### DESCRIPTION OF THE TASK
Look through the entries below and return all lines including the word "their".

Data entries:
------------------------------------------------

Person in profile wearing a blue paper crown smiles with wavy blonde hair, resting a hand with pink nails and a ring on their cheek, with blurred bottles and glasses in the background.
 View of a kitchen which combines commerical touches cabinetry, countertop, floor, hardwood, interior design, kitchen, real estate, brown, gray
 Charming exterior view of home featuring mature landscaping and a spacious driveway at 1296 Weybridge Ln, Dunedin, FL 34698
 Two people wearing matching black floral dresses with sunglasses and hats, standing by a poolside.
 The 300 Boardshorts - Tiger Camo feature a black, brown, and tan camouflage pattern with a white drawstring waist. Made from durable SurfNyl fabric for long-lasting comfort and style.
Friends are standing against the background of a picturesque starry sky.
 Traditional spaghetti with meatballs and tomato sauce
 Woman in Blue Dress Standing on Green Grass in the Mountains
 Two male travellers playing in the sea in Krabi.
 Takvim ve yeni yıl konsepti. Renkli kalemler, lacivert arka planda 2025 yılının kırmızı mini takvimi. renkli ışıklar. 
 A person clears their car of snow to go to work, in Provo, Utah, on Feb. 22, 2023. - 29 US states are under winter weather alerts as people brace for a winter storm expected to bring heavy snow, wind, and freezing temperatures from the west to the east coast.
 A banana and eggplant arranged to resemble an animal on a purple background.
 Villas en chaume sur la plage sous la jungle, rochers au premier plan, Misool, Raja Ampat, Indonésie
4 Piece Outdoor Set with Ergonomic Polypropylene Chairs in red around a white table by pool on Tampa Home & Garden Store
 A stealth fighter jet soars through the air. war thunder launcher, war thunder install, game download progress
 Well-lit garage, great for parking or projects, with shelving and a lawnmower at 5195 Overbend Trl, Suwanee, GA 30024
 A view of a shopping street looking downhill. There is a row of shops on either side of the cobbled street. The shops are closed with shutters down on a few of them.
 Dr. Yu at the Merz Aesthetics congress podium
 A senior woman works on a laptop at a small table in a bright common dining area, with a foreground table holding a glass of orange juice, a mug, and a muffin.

------------------------------------------------

### SOLUTION FOR THIS EXERCISE
Person in profile wearing a blue paper crown smiles with wavy blonde hair, resting a hand with pink nails and a ring on their cheek, with blurred bottles and glasses in the background.
 A person clears their car of snow to go to work, in Provo, Utah, on Feb. 22, 2023. - 29 US states are under winter weather alerts as people brace for a winter storm expected to bring heavy snow, wind, and freezing temperatures from the west to the east coast.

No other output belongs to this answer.